Would you please repeat, word for word, only the lines from the one holding "Ladies' Capri Leggings - Arekkusu - Store" through the one holding "L'Isola del Tesoro - Board Game ITA" in the material below, without the pictures?

(Materials provided):
--------

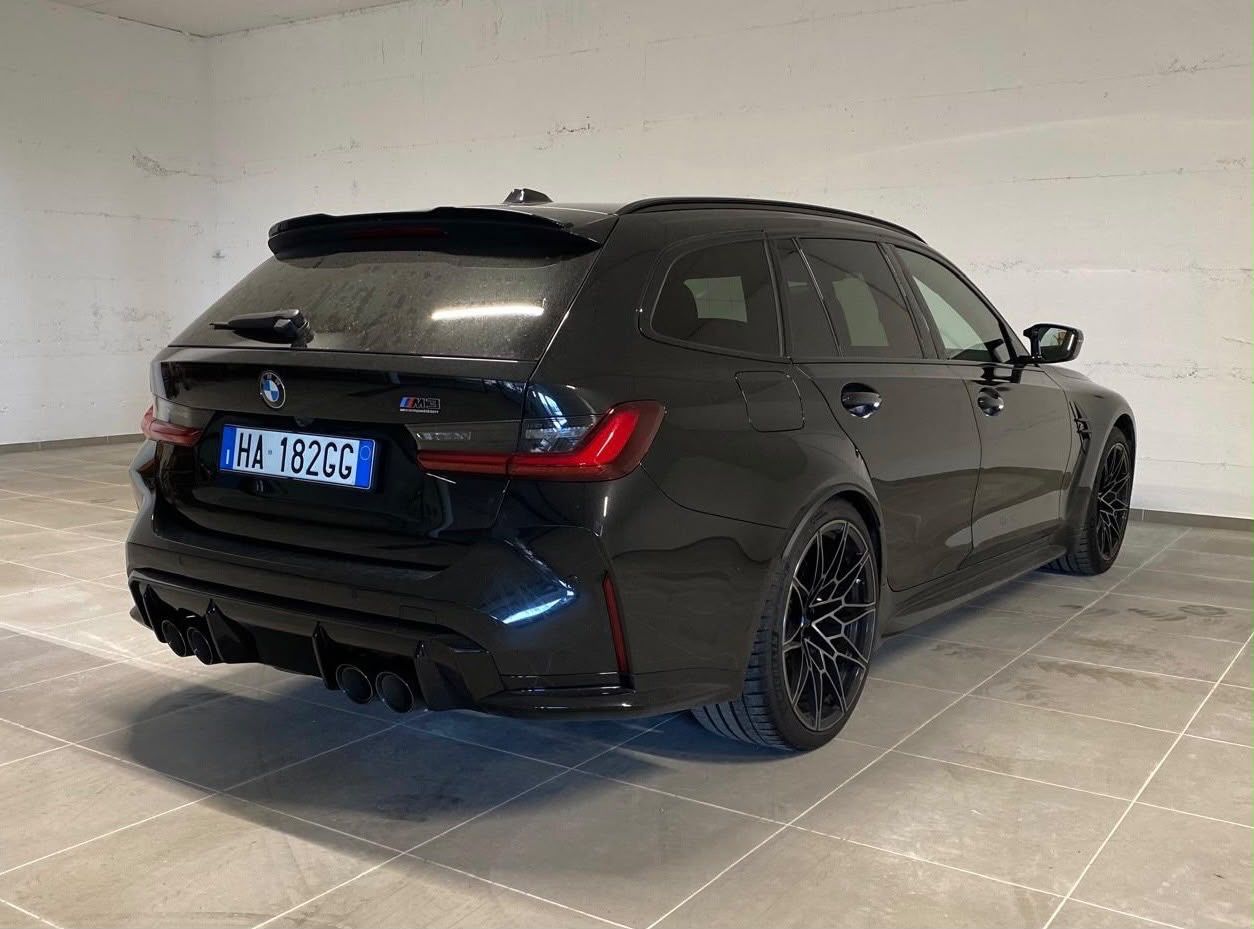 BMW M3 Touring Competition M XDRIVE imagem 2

--------

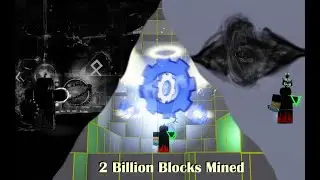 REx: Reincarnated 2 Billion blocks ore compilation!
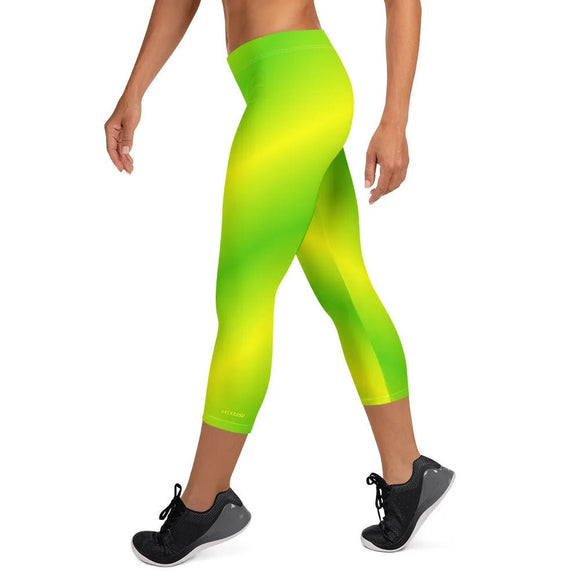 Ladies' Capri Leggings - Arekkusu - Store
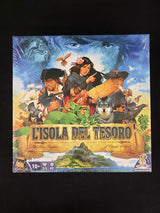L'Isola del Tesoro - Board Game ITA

--------

(Expected output):
 Ladies' Capri Leggings - Arekkusu - Store
L'Isola del Tesoro - Board Game ITA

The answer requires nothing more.